↓↓↓
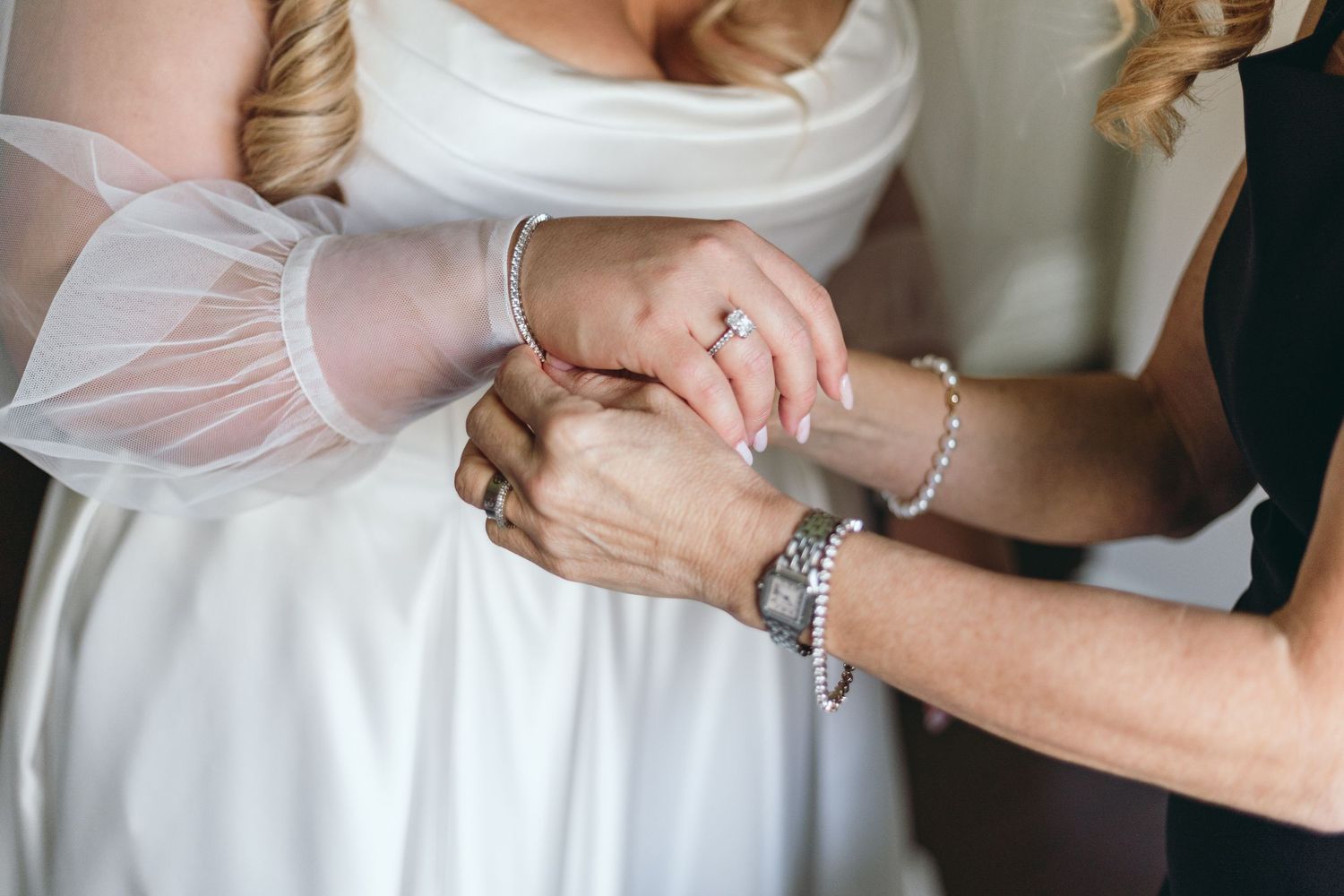 Close-up shots of wedding dress details and final adjustments before the ceremony.
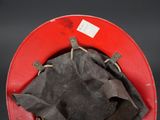 a red bucket with a black cloth inside of it
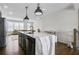 Modern kitchen with a large kitchen island and an open view into the living room at 1181 Rambler Cross, Atlanta, GA 30312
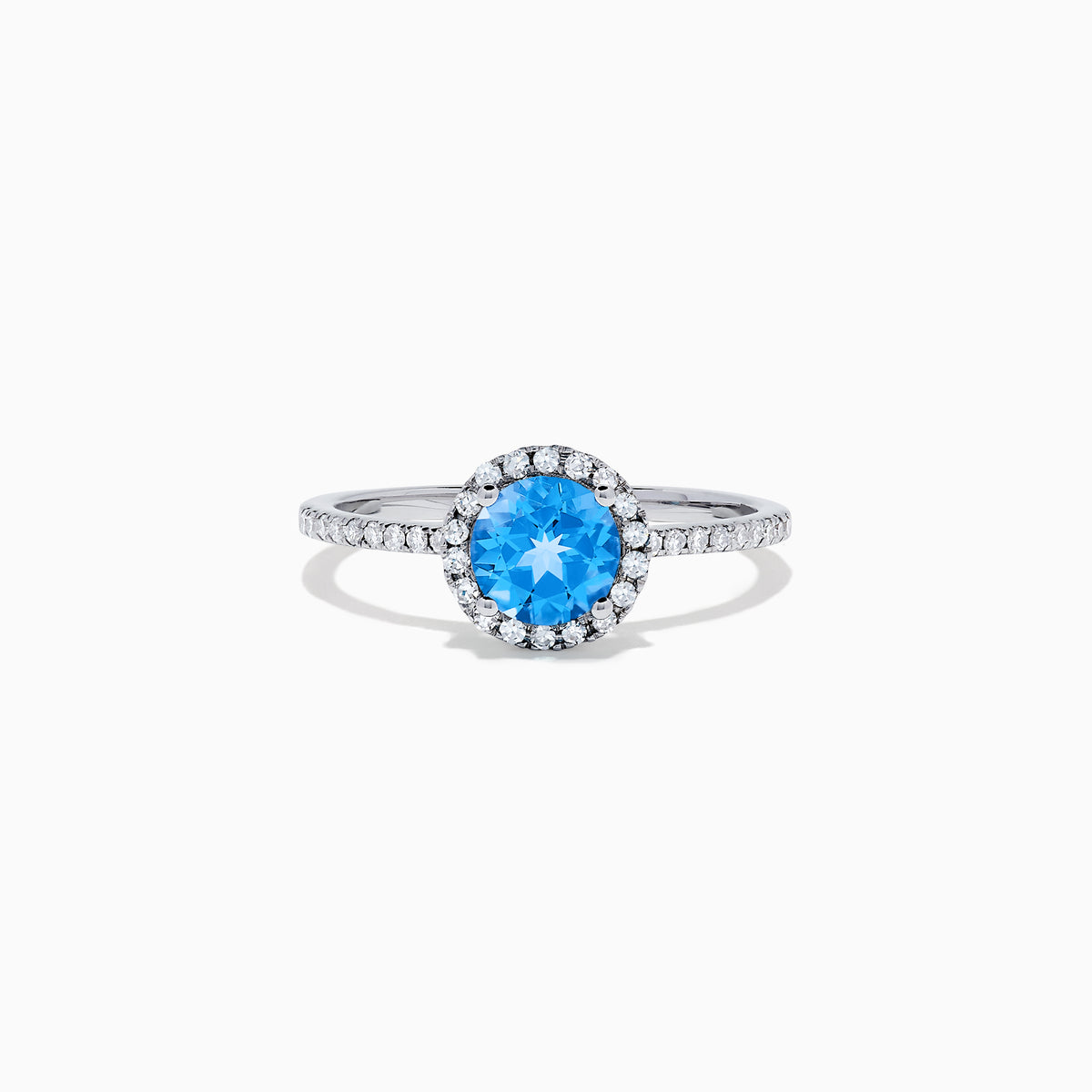 The Ocean Bleu 14K White Gold Blue Topaz and Diamond Ring, 1.12 TCW, showcases a round blue topaz center with a diamond halo and diamonds on the band.
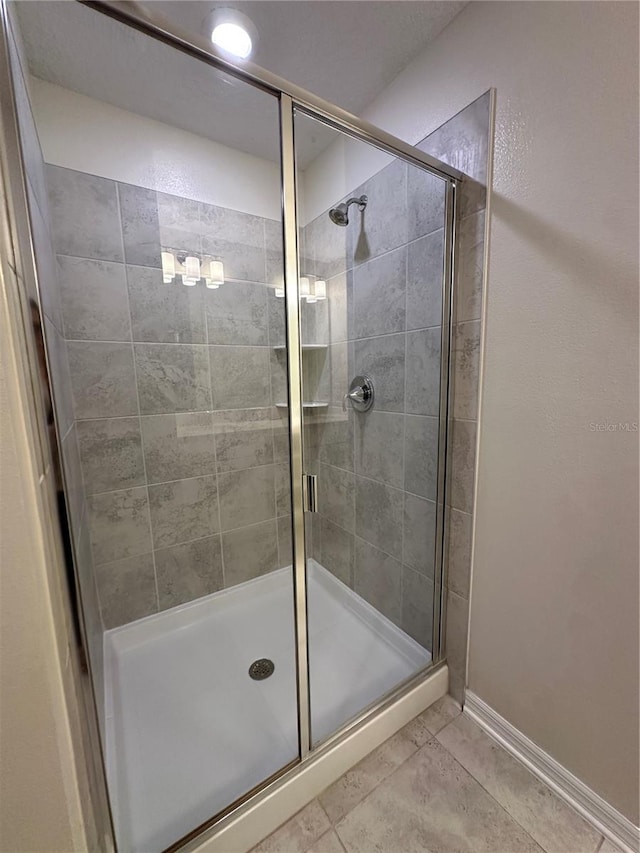 full bath featuring a stall shower, baseboards, and tile patterned floors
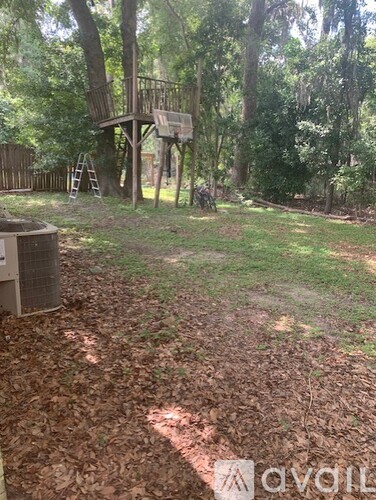 A treehouse in a backyard surrounded by trees.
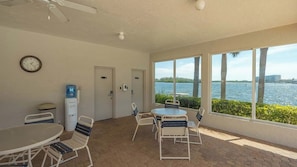 Outdoor dining - Sunrise Cove 130: Ground Floor Waterfront Condo on Siesta Key (Sarasota)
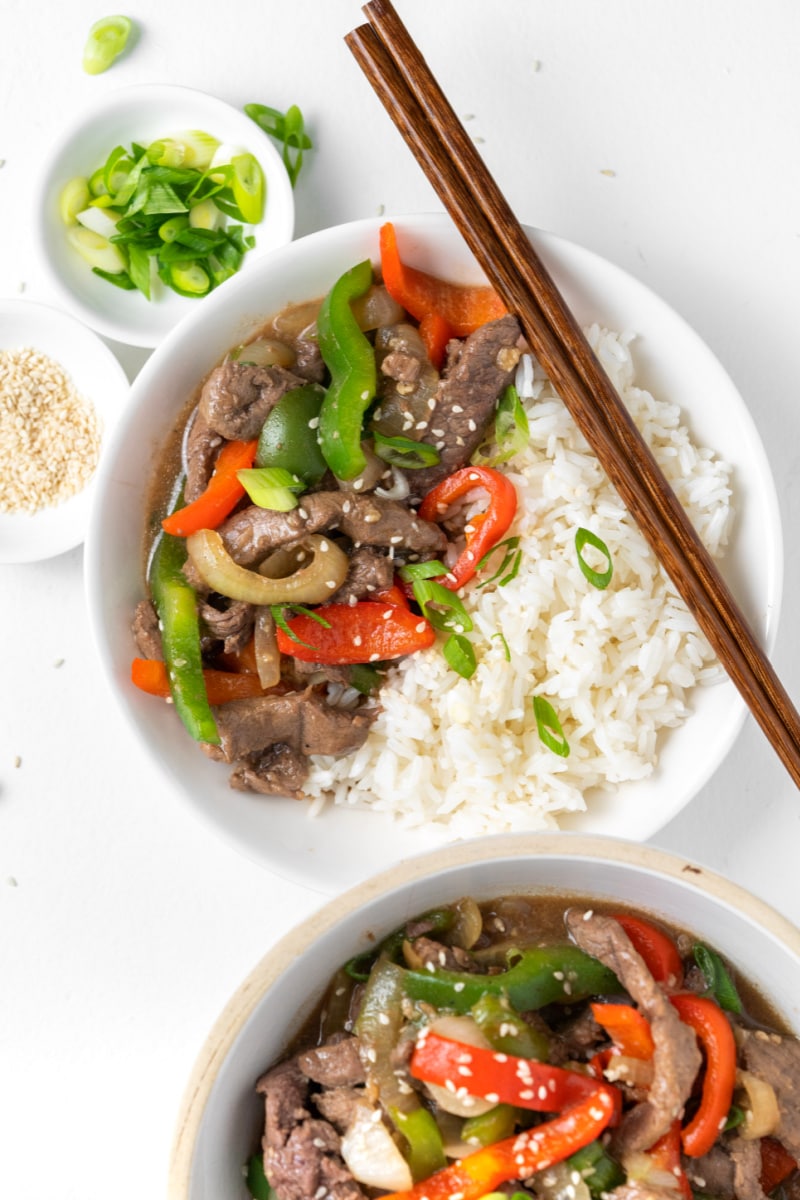 pepper steak served in bowl with rice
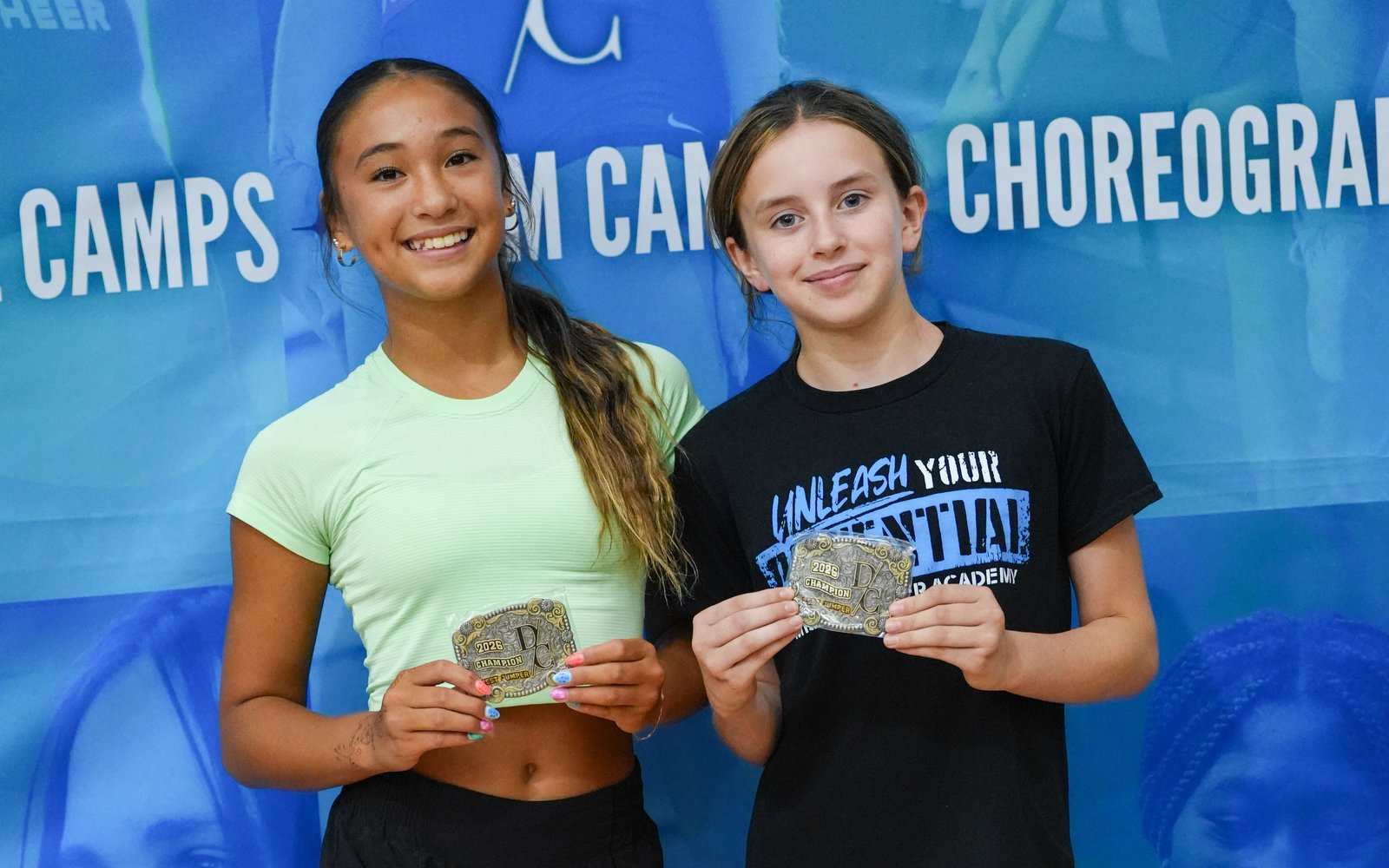 Two campers smiling and holding Dream Camps champion belt buckles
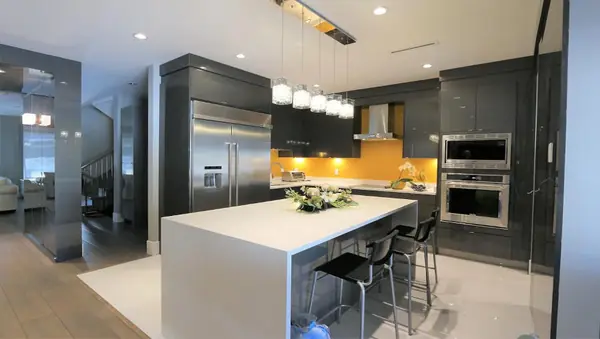 Dark kitchen with waterfall island, amber backsplash and wall ovens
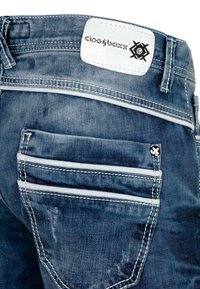 Jean en denim avec une finition bleu foncé délavée. Comprend une étiquette en cuir blanc, deux poches arrière avec un bord blanc et des coutures détaillées.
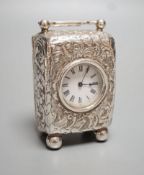 A late Victorian embossed silver cased miniature carriage timepiece, maker G.B, London, 1894, on bun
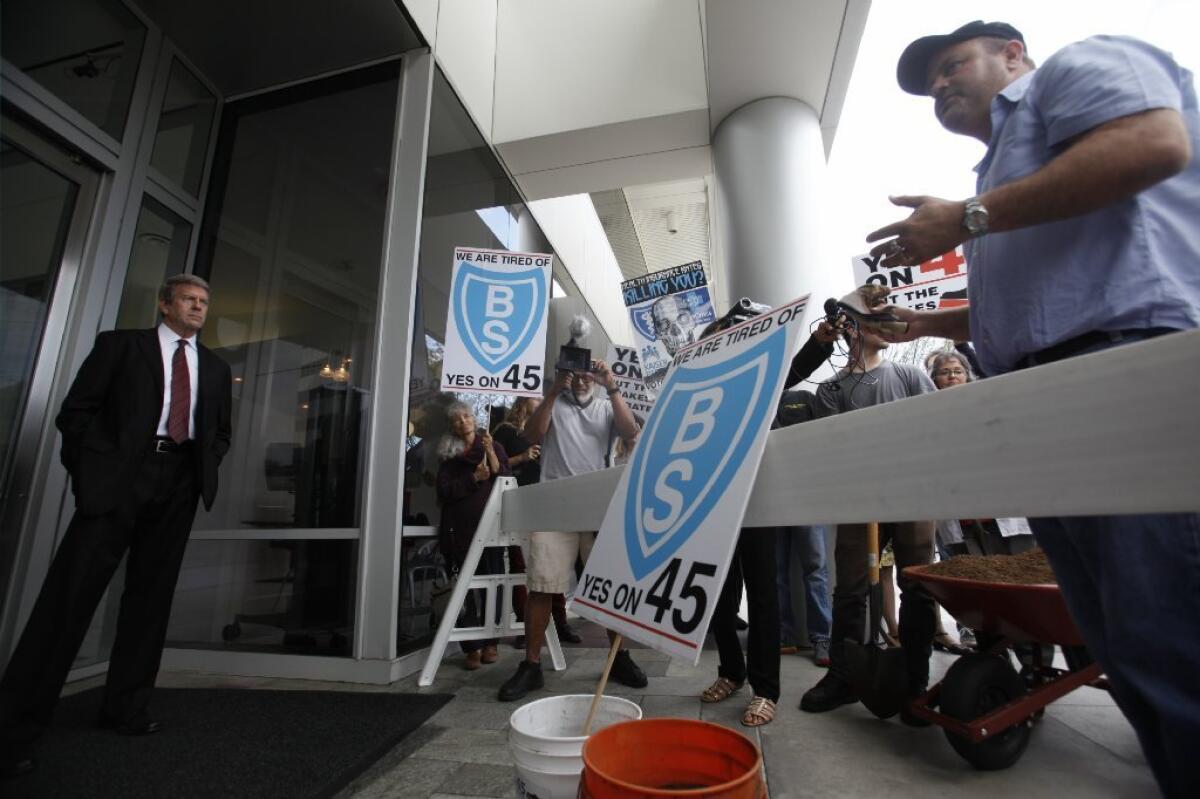 Consumers protest against Blue Shield of California in October over its opposition to a rate-regulation ballot measure at the company's El Segundo office. On Monday, a former executive sued the insurer, alleging wrongful dismissal.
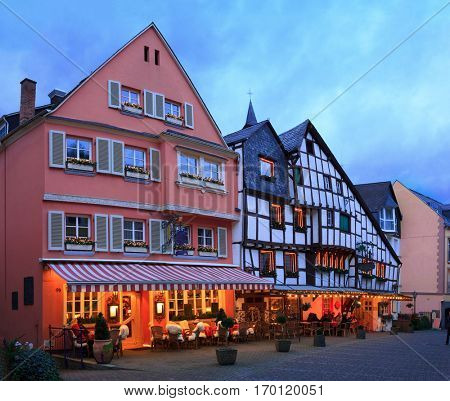 Old street  at Christmas Eve in Bernkastel-Kues, Rhineland-Palatinate, Germany. Toned image
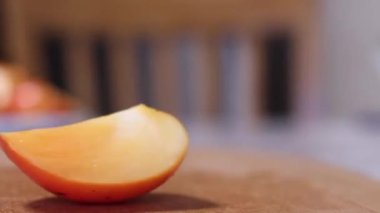 Tahta kesme tahtasında dilimlenmiş taze portakal hurması. diyet. egzotik tropikal meyveler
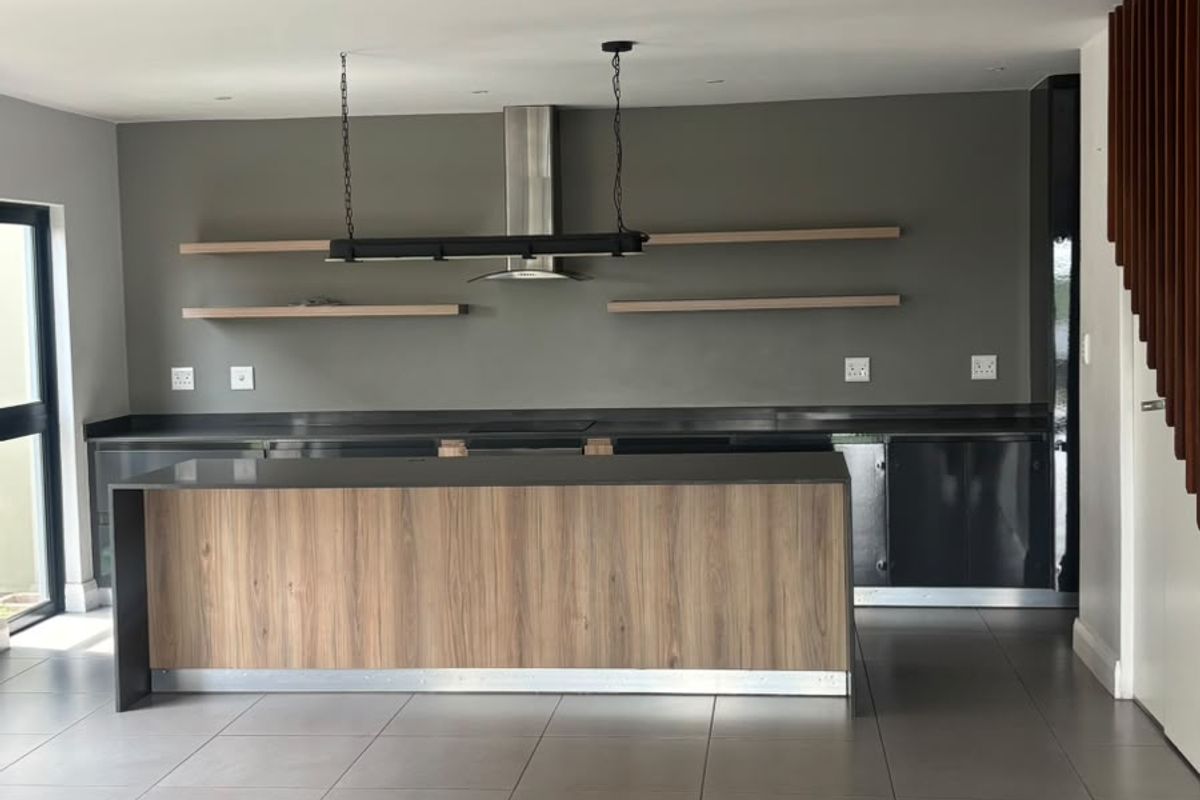 Modern kitchen featuring a central island, sleek cabinetry, floating shelves, and a stainless steel extractor fan, finished with neutral floor tiles.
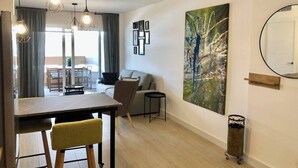 A modern living room with a dining area, a grey sofa, a coffee table, and a large abstract painting on the wall. - Esperanza Grand Apartments I • Marbella Center (Marbella)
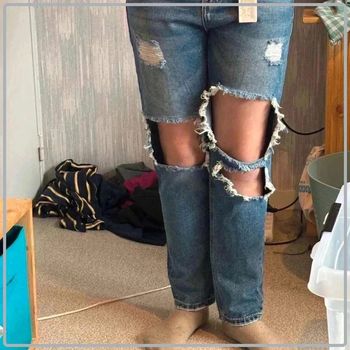 Jeans trouée  taille  42  marque  denim  collection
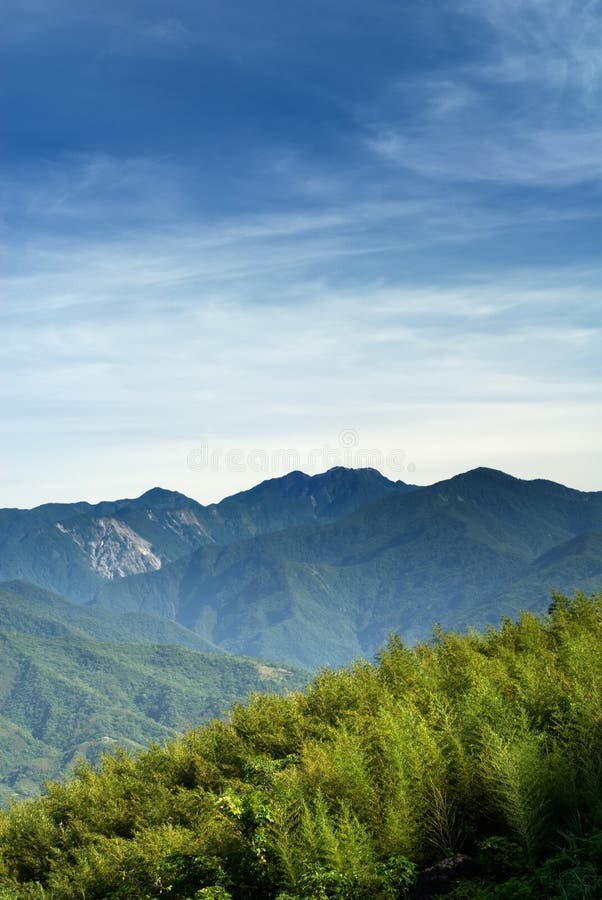 Here ard blue sky white clouds and green trees of mountain. Here ard blue sky white clouds and green trees of mountain.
↑↑↑
● **To do**: Since the copy must contain no pictures, return only the text of the records, exactly as it stands.

● **Solution to the exercise**:
 Close-up shots of wedding dress details and final adjustments before the ceremony.
 a red bucket with a black cloth inside of it
 Modern kitchen with a large kitchen island and an open view into the living room at 1181 Rambler Cross, Atlanta, GA 30312
 The Ocean Bleu 14K White Gold Blue Topaz and Diamond Ring, 1.12 TCW, showcases a round blue topaz center with a diamond halo and diamonds on the band.
 full bath featuring a stall shower, baseboards, and tile patterned floors
 A treehouse in a backyard surrounded by trees.
 Outdoor dining - Sunrise Cove 130: Ground Floor Waterfront Condo on Siesta Key (Sarasota)
 pepper steak served in bowl with rice
 Two campers smiling and holding Dream Camps champion belt buckles
 Dark kitchen with waterfall island, amber backsplash and wall ovens
 Jean en denim avec une finition bleu foncé délavée. Comprend une étiquette en cuir blanc, deux poches arrière avec un bord blanc et des coutures détaillées.
 A late Victorian embossed silver cased miniature carriage timepiece, maker G.B, London, 1894, on bun
 Consumers protest against Blue Shield of California in October over its opposition to a rate-regulation ballot measure at the company's El Segundo office. On Monday, a former executive sued the insurer, alleging wrongful dismissal.
 Old street  at Christmas Eve in Bernkastel-Kues, Rhineland-Palatinate, Germany. Toned image
 Tahta kesme tahtasında dilimlenmiş taze portakal hurması. diyet. egzotik tropikal meyveler
 Modern kitchen featuring a central island, sleek cabinetry, floating shelves, and a stainless steel extractor fan, finished with neutral floor tiles.
 A modern living room with a dining area, a grey sofa, a coffee table, and a large abstract painting on the wall. - Esperanza Grand Apartments I • Marbella Center (Marbella)
 Jeans trouée  taille  42  marque  denim  collection
 Here ard blue sky white clouds and green trees of mountain. Here ard blue sky white clouds and green trees of mountain.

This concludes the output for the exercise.